Une filière contraignante et moins rémunérée
Les jeunes se détournent de l’agriculture pour l’image qu’elle dégage, celle d’une filière ringarde et très contraignante. Dans un élevage par exemple, l’astreinte est très importante, alors que la société est aux 35 heures. Dans ce cadre, un jeune agriculteur n’a pas forcément envie de travailler 7/7 dans une exploitation d’autant qu’il gagne peu par rapport aux autres métiers plus « classes ». Pis, les transformateurs, directeurs et employés de grande distribution touchent des salaires qui font palir d’envie les producteurs.
Des travailleurs étrangers de plus en plus nombreux
Pour combler le manque de main d’œuvre, les agriculteurs se tournent vers les travailleurs étrangers, notamment les ressortissants de pays voisins comme l’Espagne et ceux d’Afrique du nord. De plus en plus, ils se fournissent aussi dans le lot de migrants d’Afrique subsaharienne. Mais cela ne résout pas tous leurs problèmes et ne pérennisera pas l’agriculture française. Tant que les producteurs vendront leurs produits à peu près au même prix qu’il y a 30 ans – avec des charges de 2020 – aucun jeune ne voudra mettre les pieds dans une exploitation. Par ailleurs, ils font face à une pesante fiscalité agricole qui ne leur permet pas d’investir dans du matériel pour alléger leur charge de travail ou embaucher le personnel nécessaire.
Hausse des suicides dans le monde paysan
Accablés par autant de soucis, les agriculteurs ont le moral très bas. Ce qui les pousse très souvent au drame. Selon les statistiques les plus récentes rendues publiques par la sécurité sociale agricole, la MSA, on dénombrait 372 suicides d’exploitants agricoles en 2015, soit plus d’un par jour. Pour lutter contre ce fléau, le député LREM du Villeneuvois (Lot-et-Garonne), Olivier Damaisin a remis au premier ministre Jean Castex, le mardi 1er décembre 2020, un rapport qui propose des pistes de prévention. Il s’agit notamment de la création d’une plateforme téléphonique pour alerter sur la détresse psychologique des paysans et d’un appui sur la question foncière avec l’aide des SAFER (sociétés d’aménagement foncier et d’établissement rural) et des banques.

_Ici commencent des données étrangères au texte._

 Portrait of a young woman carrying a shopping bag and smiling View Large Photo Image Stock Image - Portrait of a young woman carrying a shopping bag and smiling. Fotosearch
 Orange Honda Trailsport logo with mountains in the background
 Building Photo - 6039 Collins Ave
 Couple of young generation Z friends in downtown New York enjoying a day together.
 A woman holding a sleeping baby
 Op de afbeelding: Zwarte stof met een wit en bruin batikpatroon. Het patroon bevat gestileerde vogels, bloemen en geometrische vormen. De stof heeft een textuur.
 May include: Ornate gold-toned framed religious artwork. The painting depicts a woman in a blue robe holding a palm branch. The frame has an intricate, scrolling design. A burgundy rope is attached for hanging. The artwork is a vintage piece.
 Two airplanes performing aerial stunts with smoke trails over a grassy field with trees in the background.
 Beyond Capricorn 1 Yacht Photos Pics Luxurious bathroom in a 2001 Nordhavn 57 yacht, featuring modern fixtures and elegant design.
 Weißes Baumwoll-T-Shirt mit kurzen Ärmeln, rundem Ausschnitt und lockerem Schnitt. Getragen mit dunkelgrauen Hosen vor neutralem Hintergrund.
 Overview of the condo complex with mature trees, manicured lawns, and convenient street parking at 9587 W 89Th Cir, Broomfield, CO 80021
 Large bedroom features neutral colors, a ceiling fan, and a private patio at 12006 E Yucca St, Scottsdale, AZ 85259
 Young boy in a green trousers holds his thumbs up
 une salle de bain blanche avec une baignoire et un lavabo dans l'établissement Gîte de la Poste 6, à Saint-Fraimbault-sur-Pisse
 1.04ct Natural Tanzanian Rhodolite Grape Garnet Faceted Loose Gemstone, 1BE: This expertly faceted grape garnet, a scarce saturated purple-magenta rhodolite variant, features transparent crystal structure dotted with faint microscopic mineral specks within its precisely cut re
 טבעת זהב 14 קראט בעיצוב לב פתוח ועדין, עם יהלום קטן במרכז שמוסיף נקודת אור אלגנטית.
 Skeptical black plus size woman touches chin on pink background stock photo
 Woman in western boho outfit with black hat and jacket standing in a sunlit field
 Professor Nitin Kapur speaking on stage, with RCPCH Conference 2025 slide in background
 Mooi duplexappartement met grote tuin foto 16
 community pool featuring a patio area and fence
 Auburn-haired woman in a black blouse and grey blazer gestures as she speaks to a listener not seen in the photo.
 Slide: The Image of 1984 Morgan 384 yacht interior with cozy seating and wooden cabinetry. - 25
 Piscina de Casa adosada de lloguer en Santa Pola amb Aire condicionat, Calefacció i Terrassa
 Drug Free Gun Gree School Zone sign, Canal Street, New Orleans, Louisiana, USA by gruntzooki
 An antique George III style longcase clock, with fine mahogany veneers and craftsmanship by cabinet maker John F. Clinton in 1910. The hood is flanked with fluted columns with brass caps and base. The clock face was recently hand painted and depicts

Un problème général en Europe
En plus de ces pistes, il faudra surtout améliorer les conditions de travail des agriculteurs, revoir la rémunération des prix des produits, et surtout moderniser l’image de leur filière auprès des jeunes. Le problème de l’agriculture n’est pas propre à la France. En Europe, les jeunes de moins de 35 ans ne représentent que 6 % des agriculteurs. Aussi, plus d’un tiers des fermes européennes sont gérées par des exploitants de plus de 65 ans. La Politique agricole commune (Pac) vise notamment à inverser cette tendance, sinon c’est la souveraineté alimentaire des pays de l’Union européenne qui sera compromise dans la prochaine décennie.